I sat on my mother’s bed and looked at it for a while. And I imagined her doing the same, turning it over in her hands, red eyes and dribbling nose like mine. It goes without saying that there wasn’t a photo of me in there. Those were all over the house – on the mantelpiece, in the kitchen, where everyone could see them, bearing witness to my mess and noise and mood swings. But there was no trace of me here, swaddled in the heart of my mother’s bedside table.
I know it sounds stupid, but before then I hadn’t fully realised that my mother had thoughts beyond do-your-homework and what’s-for-dinner and isn’t-that-nice-we-must-have-them-over-some-time. She’d told me about Jane, but I never really understood. I never knew her, and how could you miss someone you never knew?
But she and Mum knew each other, alright. Jane filled the space of our mother’s womb before I did, grew to the rhythm of her heartbeat, squirmed under the spotlight of an ultrasound.

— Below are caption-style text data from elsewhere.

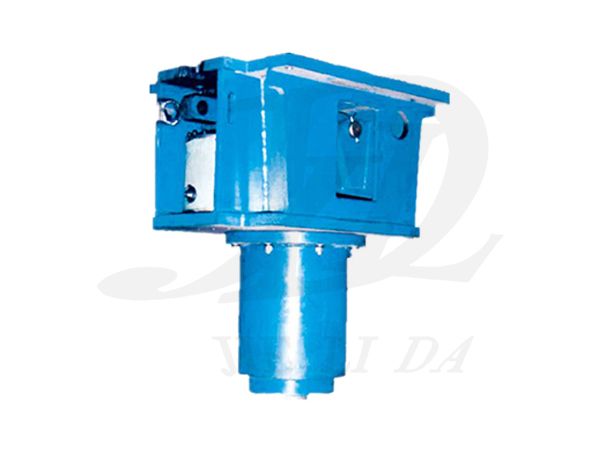 YDGZ-40(杠桿式）液壓頂軌制動器
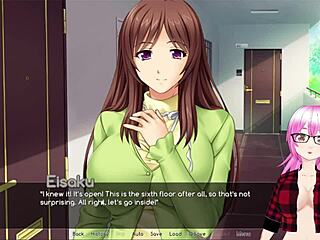 In the adventures of the invisible man, his cock causes mischief in this hentai preview.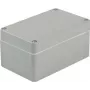 Bopla EUROMAS P 324 caixa universal 110 x 75 x 75,5 mm poliéster cinzento-prata RAL 7001 04324000.H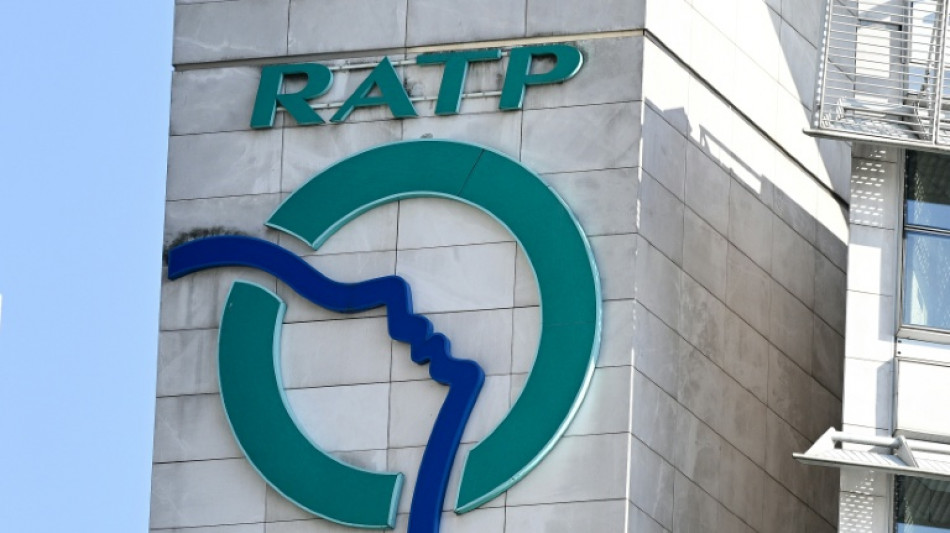 La RATP revient aux b&eacute;n&eacute;fices en 2025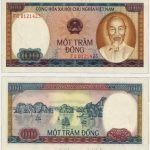 1981 - 100 Dong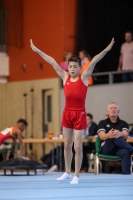 Thumbnail - Hessen - Jasper Nolte - Ginnastica Artistica - 2022 - Deutschlandpokal Cottbus - Teilnehmer - AK 09 bis 10 02054_06648.jpg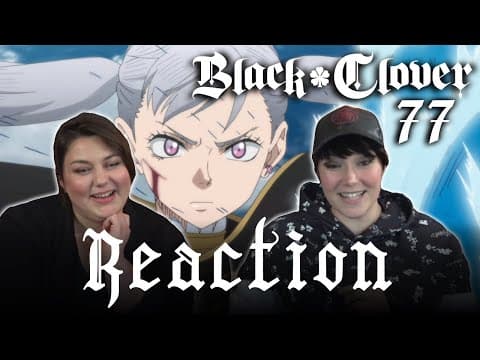 Black Clover Episode 77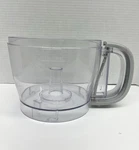 Black & Decker Food Processor Bowl Only Replacement Part Gray FP2500B. Fixed Price $15.99.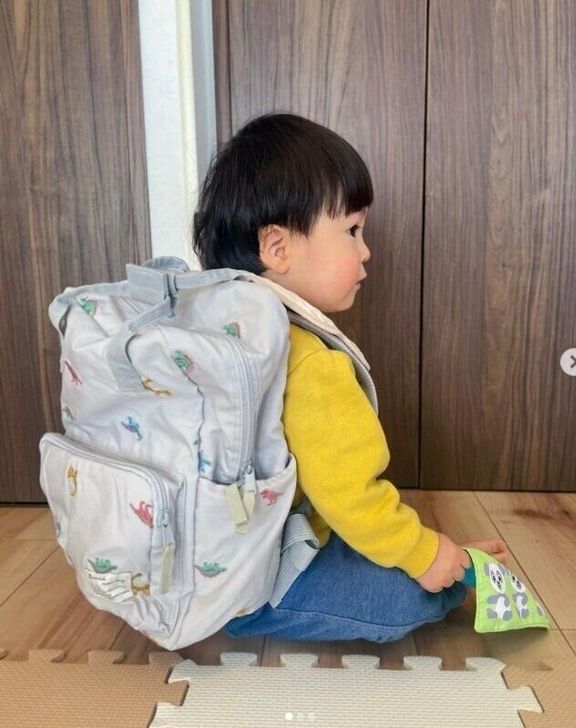 出典:Instagramアカウント「ponyo.2650」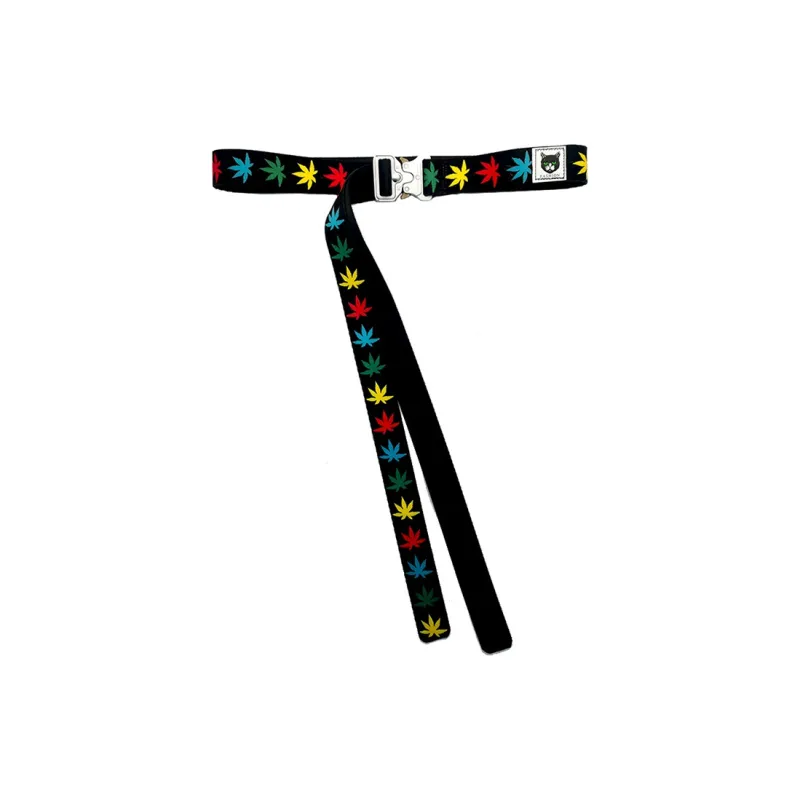 Mulinsen Canvas Belt Unisex Width 2.5CM-6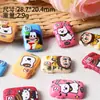 Casa de Boneca Mini Desenho Animado Capa de Celular Pingente Modelo Acessório de Pescoço Criativo Ornamento Pendurado de Pelúcia
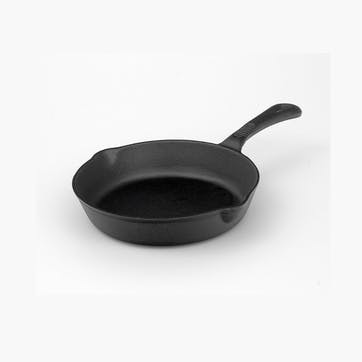 Cast Iron Skillet, 20cm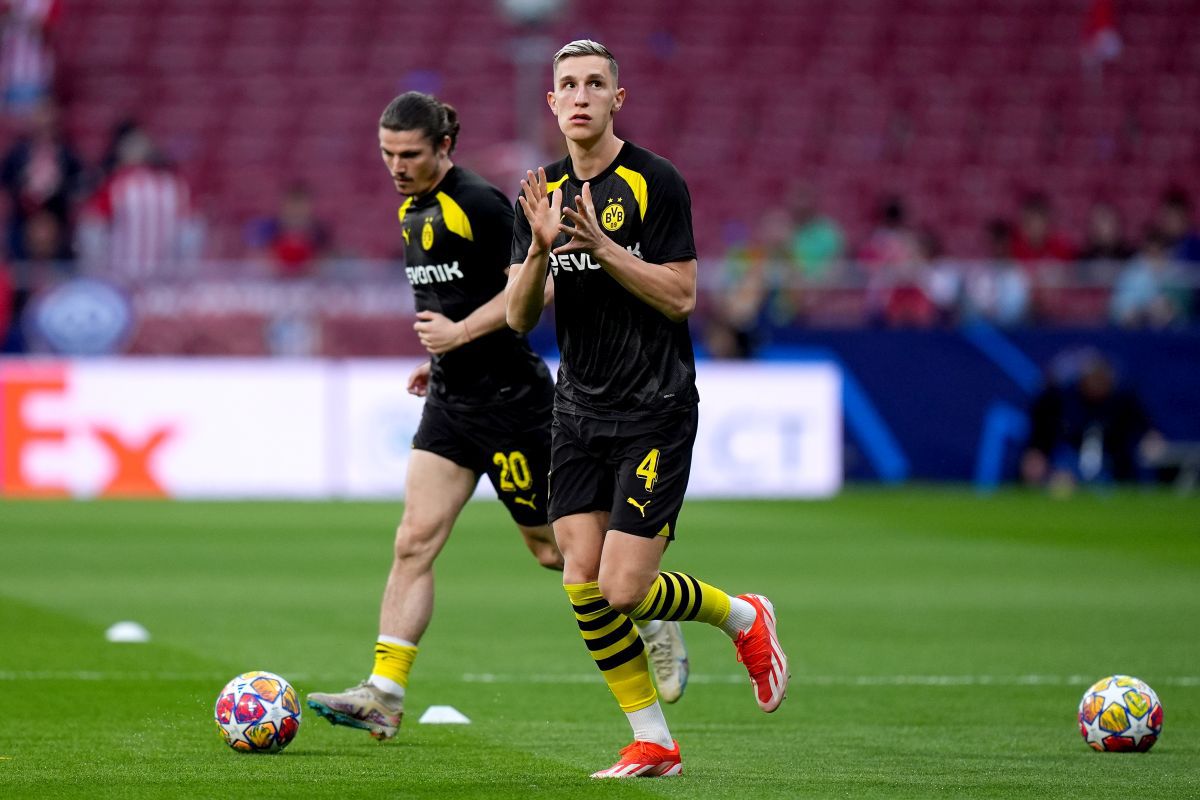 Atletico Madrid - Borussia Dortmund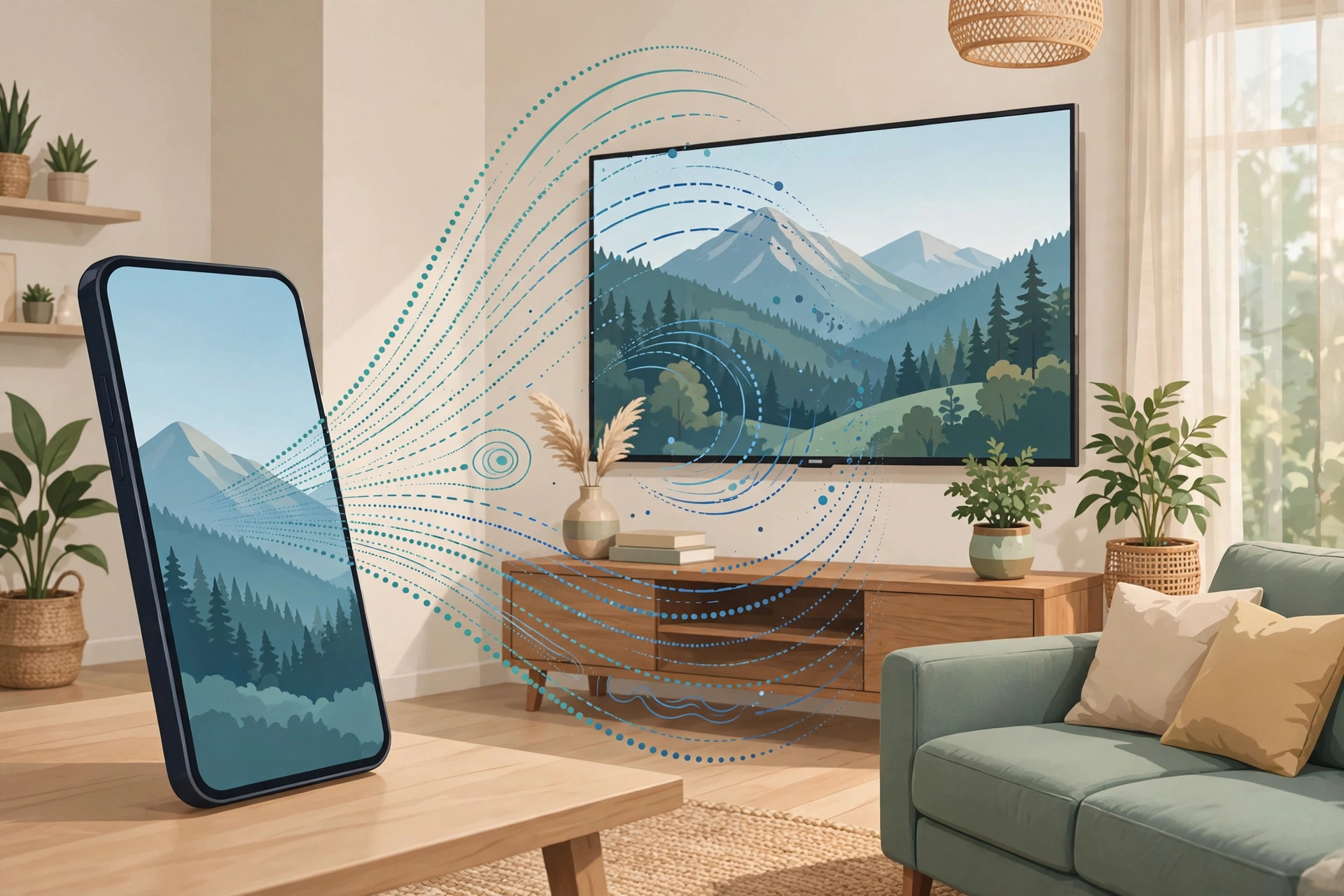 Stremio unified movie and series catalog on Android TV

They never outgrew the bond my mother and I had now forgotten and couldn’t possibly hope to recapture.
I imagined that, on nights when tension festered around the dinner table, after she’d grown fed up of nagging me about the dangers of alcohol poisoning and the importance of respecting my elders, my mother retreated to her room. Drew the curtains, switched on the light, smoothed out the bedsheets. Opened her drawer and looked at Jane, perfect Jane, Jane who never did anything wrong.
Did I hate her? Did I hate my stillborn sister? Was that a sick thing to think – was I a monster for even acknowledging that such a thought had crossed my mind?
But then, there’s always another side to these things, isn’t there? Jane never did anything wrong, but she never did anything right either. She never knew the embarrassment of messing up, but she never knew the beautiful feeling of eating vinegary chips on the way home from school on a Friday, or the joy of lying in the garden on a sunny afternoon with shadows cross-hatching the grass. Her life was perfect because it ended before it had even begun. She was the down in the cradle of a thistle, blown away with a breath of wind.
And so I put the photo back in the drawer.